▶ [Assigned task] Write out every entry in full. Leave nothing out.

▶ [Records for the exercise]
____________

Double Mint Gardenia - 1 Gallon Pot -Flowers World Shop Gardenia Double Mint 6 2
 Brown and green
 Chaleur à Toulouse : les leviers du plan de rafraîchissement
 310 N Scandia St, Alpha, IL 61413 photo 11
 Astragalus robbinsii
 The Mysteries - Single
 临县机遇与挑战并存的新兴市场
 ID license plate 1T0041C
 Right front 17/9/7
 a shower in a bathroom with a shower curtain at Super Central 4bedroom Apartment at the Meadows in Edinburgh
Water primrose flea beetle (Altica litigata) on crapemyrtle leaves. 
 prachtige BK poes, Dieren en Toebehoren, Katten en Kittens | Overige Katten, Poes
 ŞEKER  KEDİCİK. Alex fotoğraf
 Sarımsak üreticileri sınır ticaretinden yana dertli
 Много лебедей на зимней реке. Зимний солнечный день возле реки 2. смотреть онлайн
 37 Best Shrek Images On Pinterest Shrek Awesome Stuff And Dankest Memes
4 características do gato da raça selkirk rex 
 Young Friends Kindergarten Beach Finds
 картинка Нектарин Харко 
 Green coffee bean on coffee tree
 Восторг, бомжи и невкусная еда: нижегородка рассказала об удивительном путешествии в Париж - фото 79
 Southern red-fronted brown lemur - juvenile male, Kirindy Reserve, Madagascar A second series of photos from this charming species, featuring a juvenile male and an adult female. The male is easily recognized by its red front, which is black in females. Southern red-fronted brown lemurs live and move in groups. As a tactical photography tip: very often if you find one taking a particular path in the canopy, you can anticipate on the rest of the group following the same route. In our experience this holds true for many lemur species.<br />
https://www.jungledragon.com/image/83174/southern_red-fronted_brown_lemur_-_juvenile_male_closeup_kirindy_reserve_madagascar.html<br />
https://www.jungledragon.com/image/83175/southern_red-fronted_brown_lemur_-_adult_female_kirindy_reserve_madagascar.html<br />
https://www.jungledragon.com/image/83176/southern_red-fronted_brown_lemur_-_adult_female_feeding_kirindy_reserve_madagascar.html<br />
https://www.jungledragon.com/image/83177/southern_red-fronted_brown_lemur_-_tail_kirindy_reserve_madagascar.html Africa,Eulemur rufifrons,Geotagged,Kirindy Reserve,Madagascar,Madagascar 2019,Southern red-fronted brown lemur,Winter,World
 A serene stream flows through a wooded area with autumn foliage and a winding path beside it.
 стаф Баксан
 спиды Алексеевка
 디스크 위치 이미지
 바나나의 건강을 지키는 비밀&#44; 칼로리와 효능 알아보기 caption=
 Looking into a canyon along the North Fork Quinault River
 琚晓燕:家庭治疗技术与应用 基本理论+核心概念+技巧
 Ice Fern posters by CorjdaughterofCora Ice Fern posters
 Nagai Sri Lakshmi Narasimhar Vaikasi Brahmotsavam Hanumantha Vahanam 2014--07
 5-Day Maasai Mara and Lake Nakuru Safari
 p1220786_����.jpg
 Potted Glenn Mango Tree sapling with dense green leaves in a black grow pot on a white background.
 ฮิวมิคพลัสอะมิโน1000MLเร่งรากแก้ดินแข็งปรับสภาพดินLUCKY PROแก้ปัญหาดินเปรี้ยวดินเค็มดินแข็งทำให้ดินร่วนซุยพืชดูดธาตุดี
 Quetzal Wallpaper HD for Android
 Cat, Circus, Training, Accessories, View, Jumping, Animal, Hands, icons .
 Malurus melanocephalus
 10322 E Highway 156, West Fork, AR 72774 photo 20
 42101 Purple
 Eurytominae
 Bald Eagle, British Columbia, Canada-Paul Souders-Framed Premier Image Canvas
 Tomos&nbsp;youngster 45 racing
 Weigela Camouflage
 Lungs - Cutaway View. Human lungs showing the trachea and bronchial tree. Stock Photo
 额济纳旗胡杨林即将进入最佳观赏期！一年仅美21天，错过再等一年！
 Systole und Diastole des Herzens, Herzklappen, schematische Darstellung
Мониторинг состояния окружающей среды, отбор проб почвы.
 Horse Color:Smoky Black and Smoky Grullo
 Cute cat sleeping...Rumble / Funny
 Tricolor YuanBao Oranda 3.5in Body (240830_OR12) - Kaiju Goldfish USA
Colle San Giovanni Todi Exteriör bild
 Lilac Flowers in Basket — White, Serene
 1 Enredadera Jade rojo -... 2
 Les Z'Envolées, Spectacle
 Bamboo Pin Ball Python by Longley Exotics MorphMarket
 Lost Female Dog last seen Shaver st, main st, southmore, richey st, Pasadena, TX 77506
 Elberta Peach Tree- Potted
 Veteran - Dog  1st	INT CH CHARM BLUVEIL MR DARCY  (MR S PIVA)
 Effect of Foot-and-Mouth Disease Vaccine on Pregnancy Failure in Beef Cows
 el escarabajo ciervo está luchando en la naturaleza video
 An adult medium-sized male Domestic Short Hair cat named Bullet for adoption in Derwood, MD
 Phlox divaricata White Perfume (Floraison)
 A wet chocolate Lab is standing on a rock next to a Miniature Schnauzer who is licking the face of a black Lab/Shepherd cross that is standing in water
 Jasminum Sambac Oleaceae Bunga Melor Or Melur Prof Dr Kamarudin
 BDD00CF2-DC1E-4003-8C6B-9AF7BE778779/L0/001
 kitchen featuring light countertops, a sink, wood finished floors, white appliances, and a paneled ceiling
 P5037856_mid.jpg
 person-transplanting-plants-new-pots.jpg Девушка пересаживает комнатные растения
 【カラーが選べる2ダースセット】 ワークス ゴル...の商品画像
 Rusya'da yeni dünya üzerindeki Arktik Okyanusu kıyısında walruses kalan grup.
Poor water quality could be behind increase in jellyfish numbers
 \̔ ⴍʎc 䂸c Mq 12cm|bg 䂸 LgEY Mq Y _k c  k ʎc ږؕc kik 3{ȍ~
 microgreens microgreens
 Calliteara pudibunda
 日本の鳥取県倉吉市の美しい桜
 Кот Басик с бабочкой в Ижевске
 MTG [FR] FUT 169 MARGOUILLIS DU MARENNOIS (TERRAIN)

____________

▶ [Task output]
Double Mint Gardenia - 1 Gallon Pot -Flowers World Shop Gardenia Double Mint 6 2
 Brown and green
 Chaleur à Toulouse : les leviers du plan de rafraîchissement
 310 N Scandia St, Alpha, IL 61413 photo 11
 Astragalus robbinsii
 The Mysteries - Single
 临县机遇与挑战并存的新兴市场
 ID license plate 1T0041C
 Right front 17/9/7
 a shower in a bathroom with a shower curtain at Super Central 4bedroom Apartment at the Meadows in Edinburgh
Water primrose flea beetle (Altica litigata) on crapemyrtle leaves. 
 prachtige BK poes, Dieren en Toebehoren, Katten en Kittens | Overige Katten, Poes
 ŞEKER  KEDİCİK. Alex fotoğraf
 Sarımsak üreticileri sınır ticaretinden yana dertli
 Много лебедей на зимней реке. Зимний солнечный день возле реки 2. смотреть онлайн
 37 Best Shrek Images On Pinterest Shrek Awesome Stuff And Dankest Memes
4 características do gato da raça selkirk rex 
 Young Friends Kindergarten Beach Finds
 картинка Нектарин Харко 
 Green coffee bean on coffee tree
 Восторг, бомжи и невкусная еда: нижегородка рассказала об удивительном путешествии в Париж - фото 79
 Southern red-fronted brown lemur - juvenile male, Kirindy Reserve, Madagascar A second series of photos from this charming species, featuring a juvenile male and an adult female. The male is easily recognized by its red front, which is black in females. Southern red-fronted brown lemurs live and move in groups. As a tactical photography tip: very often if you find one taking a particular path in the canopy, you can anticipate on the rest of the group following the same route. In our experience this holds true for many lemur species.<br />
https://www.jungledragon.com/image/83174/southern_red-fronted_brown_lemur_-_juvenile_male_closeup_kirindy_reserve_madagascar.html<br />
https://www.jungledragon.com/image/83175/southern_red-fronted_brown_lemur_-_adult_female_kirindy_reserve_madagascar.html<br />
https://www.jungledragon.com/image/83176/southern_red-fronted_brown_lemur_-_adult_female_feeding_kirindy_reserve_madagascar.html<br />
https://www.jungledragon.com/image/83177/southern_red-fronted_brown_lemur_-_tail_kirindy_reserve_madagascar.html Africa,Eulemur rufifrons,Geotagged,Kirindy Reserve,Madagascar,Madagascar 2019,Southern red-fronted brown lemur,Winter,World
 A serene stream flows through a wooded area with autumn foliage and a winding path beside it.
 стаф Баксан
 спиды Алексеевка
 디스크 위치 이미지
 바나나의 건강을 지키는 비밀&#44; 칼로리와 효능 알아보기 caption=
 Looking into a canyon along the North Fork Quinault River
 琚晓燕:家庭治疗技术与应用 基本理论+核心概念+技巧
 Ice Fern posters by CorjdaughterofCora Ice Fern posters
 Nagai Sri Lakshmi Narasimhar Vaikasi Brahmotsavam Hanumantha Vahanam 2014--07
 5-Day Maasai Mara and Lake Nakuru Safari
 p1220786_����.jpg
 Potted Glenn Mango Tree sapling with dense green leaves in a black grow pot on a white background.
 ฮิวมิคพลัสอะมิโน1000MLเร่งรากแก้ดินแข็งปรับสภาพดินLUCKY PROแก้ปัญหาดินเปรี้ยวดินเค็มดินแข็งทำให้ดินร่วนซุยพืชดูดธาตุดี
 Quetzal Wallpaper HD for Android
 Cat, Circus, Training, Accessories, View, Jumping, Animal, Hands, icons .
 Malurus melanocephalus
 10322 E Highway 156, West Fork, AR 72774 photo 20
 42101 Purple
 Eurytominae
 Bald Eagle, British Columbia, Canada-Paul Souders-Framed Premier Image Canvas
 Tomos&nbsp;youngster 45 racing
 Weigela Camouflage
 Lungs - Cutaway View. Human lungs showing the trachea and bronchial tree. Stock Photo
 额济纳旗胡杨林即将进入最佳观赏期！一年仅美21天，错过再等一年！
 Systole und Diastole des Herzens, Herzklappen, schematische Darstellung
Мониторинг состояния окружающей среды, отбор проб почвы.
 Horse Color:Smoky Black and Smoky Grullo
 Cute cat sleeping...Rumble / Funny
 Tricolor YuanBao Oranda 3.5in Body (240830_OR12) - Kaiju Goldfish USA
Colle San Giovanni Todi Exteriör bild
 Lilac Flowers in Basket — White, Serene
 1 Enredadera Jade rojo -... 2
 Les Z'Envolées, Spectacle
 Bamboo Pin Ball Python by Longley Exotics MorphMarket
 Lost Female Dog last seen Shaver st, main st, southmore, richey st, Pasadena, TX 77506
 Elberta Peach Tree- Potted
 Veteran - Dog  1st	INT CH CHARM BLUVEIL MR DARCY  (MR S PIVA)
 Effect of Foot-and-Mouth Disease Vaccine on Pregnancy Failure in Beef Cows
 el escarabajo ciervo está luchando en la naturaleza video
 An adult medium-sized male Domestic Short Hair cat named Bullet for adoption in Derwood, MD
 Phlox divaricata White Perfume (Floraison)
 A wet chocolate Lab is standing on a rock next to a Miniature Schnauzer who is licking the face of a black Lab/Shepherd cross that is standing in water
 Jasminum Sambac Oleaceae Bunga Melor Or Melur Prof Dr Kamarudin
 BDD00CF2-DC1E-4003-8C6B-9AF7BE778779/L0/001
 kitchen featuring light countertops, a sink, wood finished floors, white appliances, and a paneled ceiling
 P5037856_mid.jpg
 person-transplanting-plants-new-pots.jpg Девушка пересаживает комнатные растения
 【カラーが選べる2ダースセット】 ワークス ゴル...の商品画像
 Rusya'da yeni dünya üzerindeki Arktik Okyanusu kıyısında walruses kalan grup.
Poor water quality could be behind increase in jellyfish numbers
 \̔ ⴍʎc 䂸c Mq 12cm|bg 䂸 LgEY Mq Y _k c  k ʎc ږؕc kik 3{ȍ~
 microgreens microgreens
 Calliteara pudibunda
 日本の鳥取県倉吉市の美しい桜
 Кот Басик с бабочкой в Ижевске
 MTG [FR] FUT 169 MARGOUILLIS DU MARENNOIS (TERRAIN)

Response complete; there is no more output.